Architectural Photography can serve several objectives, knowing what your objective is will produce a collection of photos that will be useful for you in the future and will help direct your photographic decisions while on site.

Postcard photography: Visiting Modern Architecture

Many buildings have a particular view-point which is easily recognizable and widely documented.  This type of photography typically aims at getting a snap shot of the building from its most recognizable vantage point.  These photos do not require a lot of creativity but rather serve as a kind of proof that you visited the building.  Often people stand in front of the structure as further evidence of their presence.  These are fun and can be used in your slide shows or on social media platforms to show friends and family you were there.

 Visiting Ronchamp – there i am standing in front of the most notable angle of the building

Documentary Architectural Photography:

This is a method of photography where the photos sever to document the architecture in the most truthful means possible.  This type of photography would not implement any personal artistic expression but rather try to utilize as much technical skills to replicate the building’s specific design qualities.

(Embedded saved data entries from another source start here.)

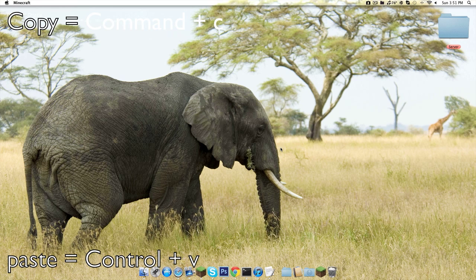What's up, it's Evan here with another tutorial. This time I'm going to show you how to paste into Minecraft on a Mac.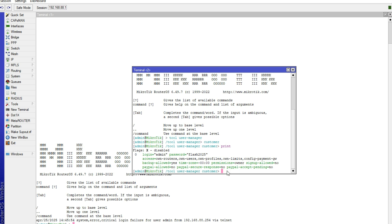Now, if you want to change your password, you can still change it here. Write set admin password, password equals.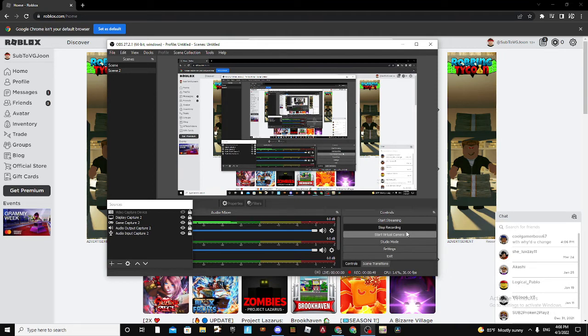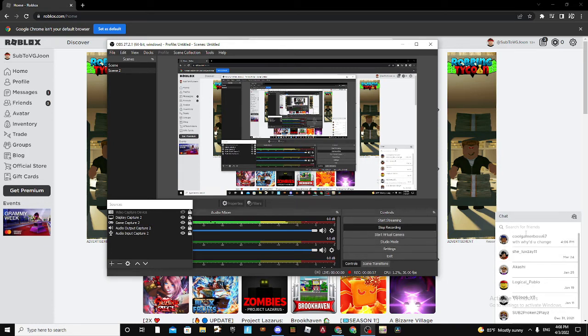He blocked me on Discord for no reason. Yeah, that's pretty much it. Ban this guy, CoolGamerBoss67.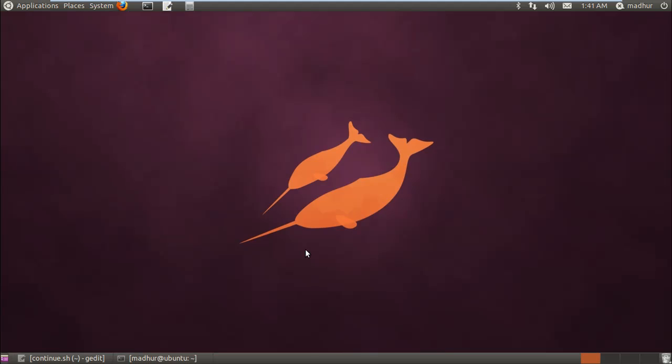Hello guys, my name is Mathur and welcome to my channel. This is the 53rd tutorial in the series of tutorials on Unix shell scripting. In this tutorial we're going to check out the continue statement.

Fred and Ginger by Frank Gehry, this photo represents what the building looks like in its context without any artistic interpretation.

Detail Photography:

This is an important type of photography for those who are very interested in the tectonics of architecture.  These photos focus on how materials come together and on the minute details that represent the whole building.  Mies said “God is in the Detail” these photos embody that principle.  I value these photos the most because they are very difficult to find and are not publically documented often.  They are typically more useful for architects or others in the industry for detailing ideas and should be catalogued well (for tips on cataloguing photos).

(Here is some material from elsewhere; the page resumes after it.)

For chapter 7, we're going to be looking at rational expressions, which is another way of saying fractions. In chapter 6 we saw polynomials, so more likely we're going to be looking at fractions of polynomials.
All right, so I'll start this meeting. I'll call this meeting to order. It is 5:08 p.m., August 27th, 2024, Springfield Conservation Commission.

I really liked how this handrail felt – so I took a photo for my records

Collection Photography:

Some people enjoy collecting images of a particular architectural element from many different buildings sometimes from all over the world and compiling them into a collection.  Similar to a stamp collection, the architectural element is taken out of its context for review and comparison.  These collections are very always very interesting because they are so focused and by this repetitive comparison you can really begin to distinguish the minute differences in the architectural comparison.  I recommend trying this sometime.

In Peru I was fascinated with the different construction methods of the stone walls, here are a couple from my series. 

Journalistic photography:

This type of photography tells a story about the building.  It requires more attention to the architectural function and often the interaction of people in the space.  Journalistic architectural photography can humanize a building or do the opposite but it will require the photographer to be very conscious of how they want the photo will be interpreted.

As i walked under the building canopy and looked up the ‘skirt of Ginger’.  This photo represents that moment where the building transformed from playful to knotty. 

Artistic Architectural Photography:

Your artistic expression in architectural photography can be the most fun for those who enjoy photography professionally or as a hobby.  The architecture is the subject matter but the photo is really an expression of the photographer and not the architect (unlike the documentary style).  There are endless ways to be artistic with architectural photography however your interpretation of the architecture is the real purpose and at the forefront of the photograph.

This photo of Nk’Mip Desert Cultural Centre, Osoyoos, crops out much of the building and focuses on what i thought to be the most beautiful elements of the building: the slight curved wall composed colorfully stripping rammed earth and the long horizontal window.